• Task instructions: Retype, word for word, only the lines from the one containing "茶花四季红山茶四季杜鹃茶基地直销" through the last line of the listing below. Pictures do not belong in the result.

• Material provided:
*** Block opens ***

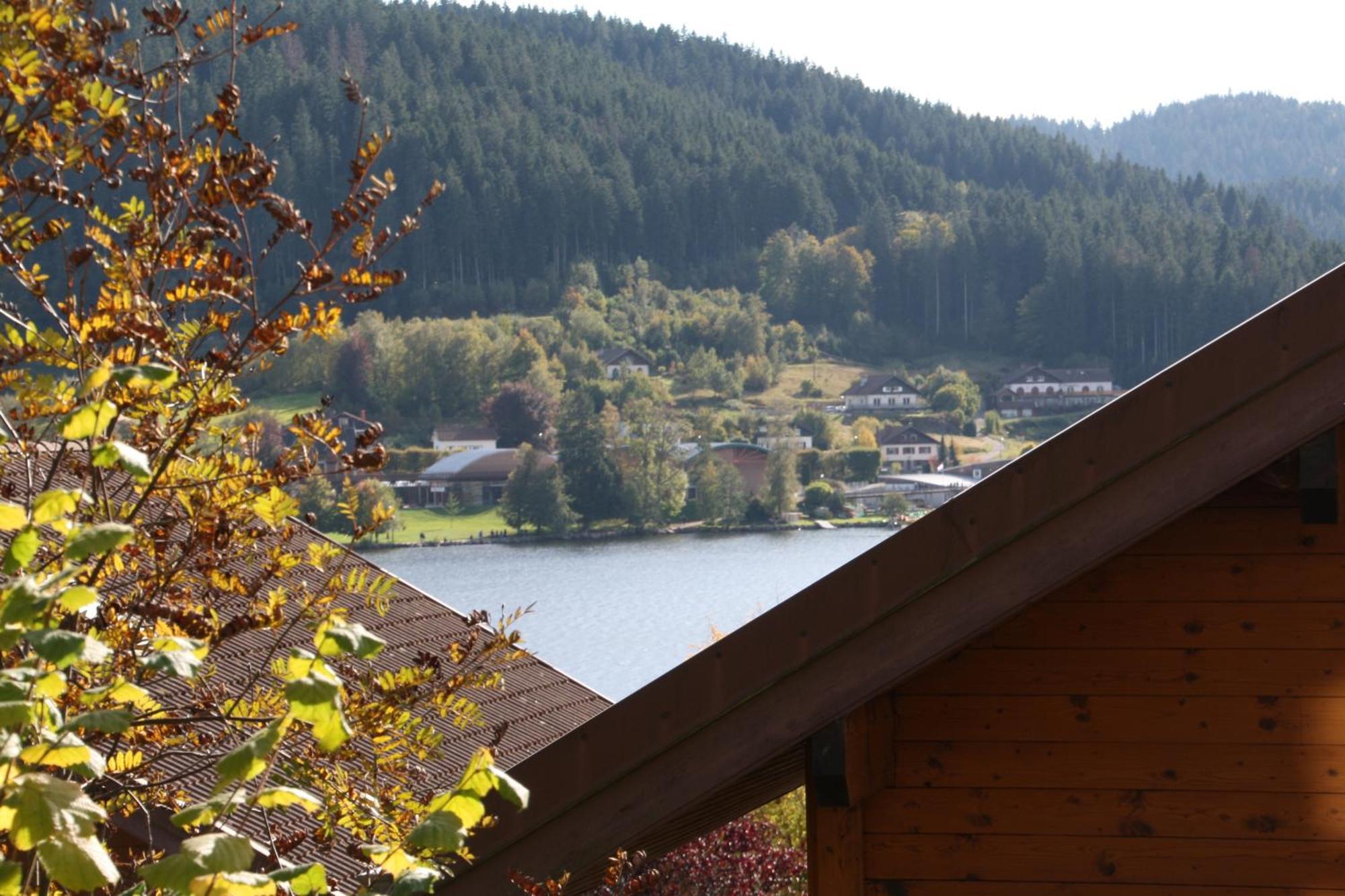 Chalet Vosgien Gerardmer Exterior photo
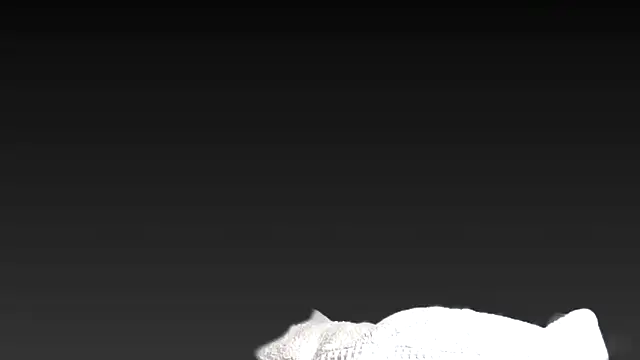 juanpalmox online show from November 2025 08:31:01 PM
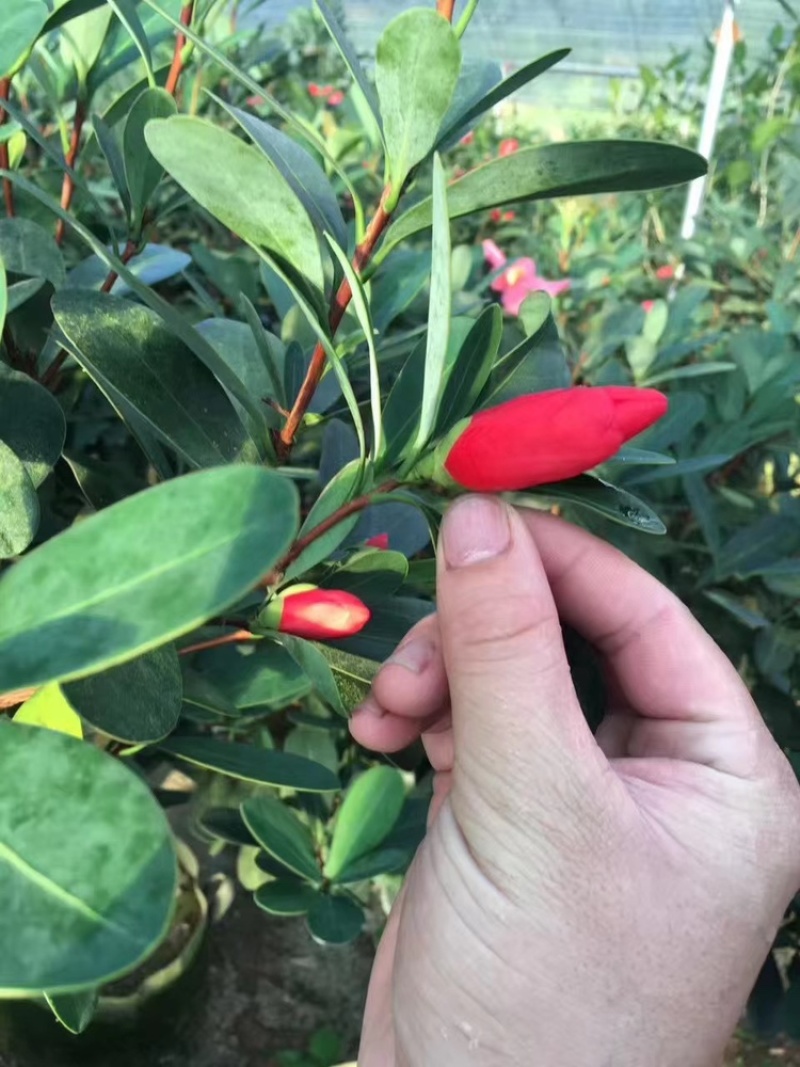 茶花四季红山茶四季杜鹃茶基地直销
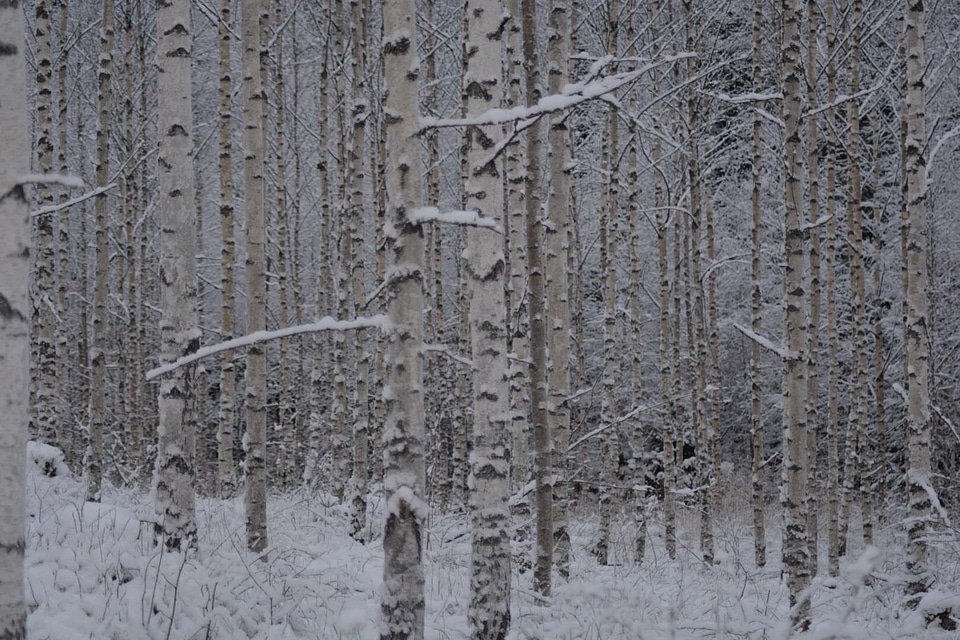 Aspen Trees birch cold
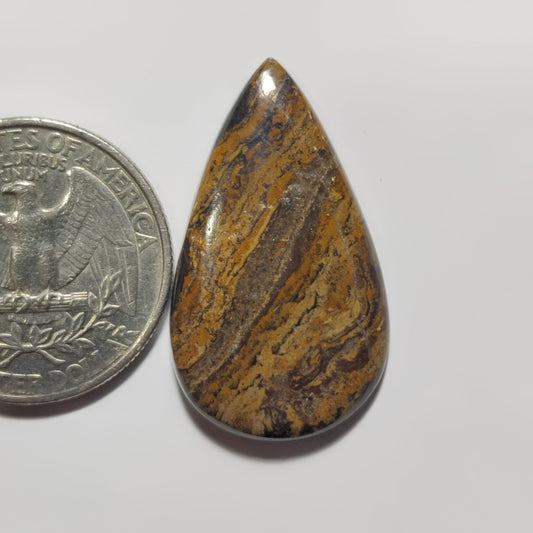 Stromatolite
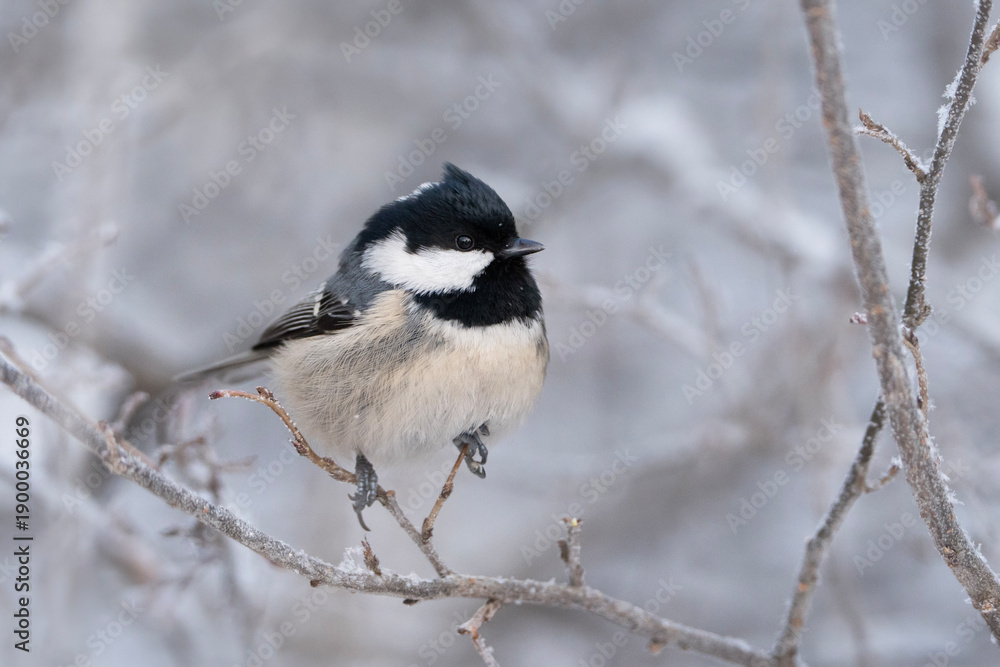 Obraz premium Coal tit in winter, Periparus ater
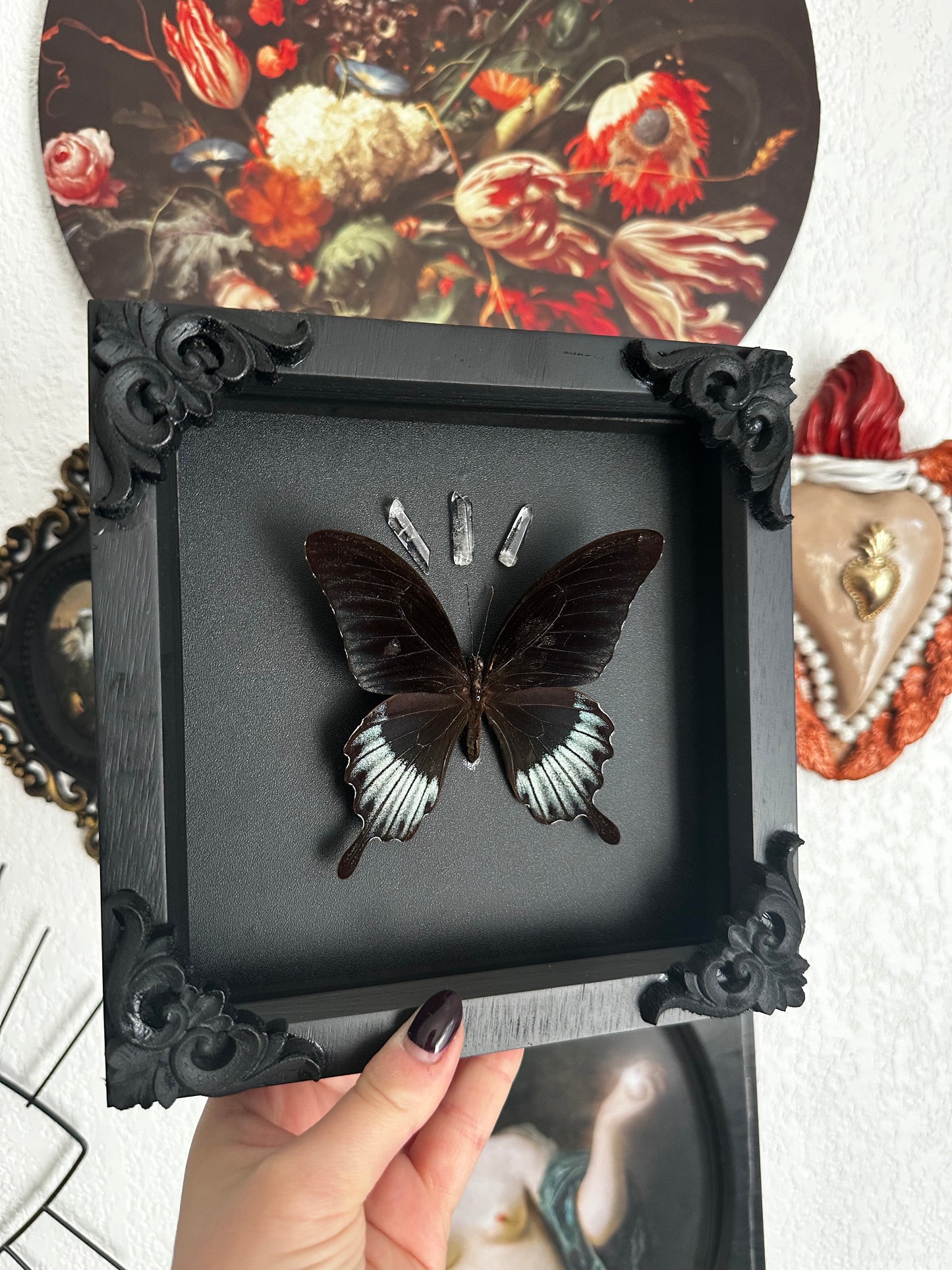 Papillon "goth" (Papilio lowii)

*** Block closes ***

• The answer:
 茶花四季红山茶四季杜鹃茶基地直销
 Aspen Trees birch cold
 Stromatolite
 Obraz premium Coal tit in winter, Periparus ater
 Papillon "goth" (Papilio lowii)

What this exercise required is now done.